Arizona Threatens to Cut State Funding Over the Teaching of a Hip-Hop Course


John Huppenthal, Arizona’s departing state superintendent, spent his last moments in office targeting public schools in Tucson, AZ for violating the state’s ban on ethnic studies.

In a letter released Friday to the Tucson school district, Huppenthal called out schools for illegally promoting ethnic solidarity by using lyrics from Rage Against the Machine 1992 song Take the Power Back to teach Mexican History, and using lessons from rapper KRS-One to breakdown hip hop from an African American perspective in an English class.
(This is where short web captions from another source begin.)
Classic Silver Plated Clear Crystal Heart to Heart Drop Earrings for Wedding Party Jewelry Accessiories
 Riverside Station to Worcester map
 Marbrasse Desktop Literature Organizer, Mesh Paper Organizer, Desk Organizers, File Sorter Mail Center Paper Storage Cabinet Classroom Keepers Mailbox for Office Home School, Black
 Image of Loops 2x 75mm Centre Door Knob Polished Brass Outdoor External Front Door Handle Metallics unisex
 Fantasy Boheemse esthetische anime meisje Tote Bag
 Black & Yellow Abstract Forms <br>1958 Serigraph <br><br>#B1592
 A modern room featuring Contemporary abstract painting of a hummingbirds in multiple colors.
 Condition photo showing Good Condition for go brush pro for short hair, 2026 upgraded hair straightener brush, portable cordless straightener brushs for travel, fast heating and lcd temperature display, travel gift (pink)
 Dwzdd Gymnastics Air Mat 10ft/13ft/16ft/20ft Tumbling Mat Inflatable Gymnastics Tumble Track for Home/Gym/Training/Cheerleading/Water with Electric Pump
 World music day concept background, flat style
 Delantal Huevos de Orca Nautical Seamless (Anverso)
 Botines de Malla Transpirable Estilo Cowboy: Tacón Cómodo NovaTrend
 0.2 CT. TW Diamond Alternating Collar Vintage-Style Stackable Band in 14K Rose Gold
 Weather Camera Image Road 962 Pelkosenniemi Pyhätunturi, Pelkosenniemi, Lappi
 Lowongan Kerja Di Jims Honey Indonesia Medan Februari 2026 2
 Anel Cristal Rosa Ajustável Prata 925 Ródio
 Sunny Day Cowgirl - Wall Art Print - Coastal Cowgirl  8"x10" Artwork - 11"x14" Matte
Huppenthal, a conservative former state senator, helped pass a 2010 law that would later be used to ban controversial Mexican-American studies programs from Tuscan schools, arguing that the courses would ignite resentment against whites. The conservative leader, who has held the position of the state’s public schools superintendent since 2012, also said that teaching a course from the African American perspective, as is the case with the district’s KRS-One class, is also a violation of state law.

Under the direction of Huppenthal, the state’s education department says that if Tucson public schools don’t remove the material from the learning curriculum by March 4, then they will be in jeopardy of losing up to 10 percent of its state funding. In response, Tucson administrators are standing firm in their belief of teaching ethnic studies courses and have agreed to work on a solution with Huppenthal’s replacement, Republican Diane Douglas, who was inaugurated into office on Monday, January 5th.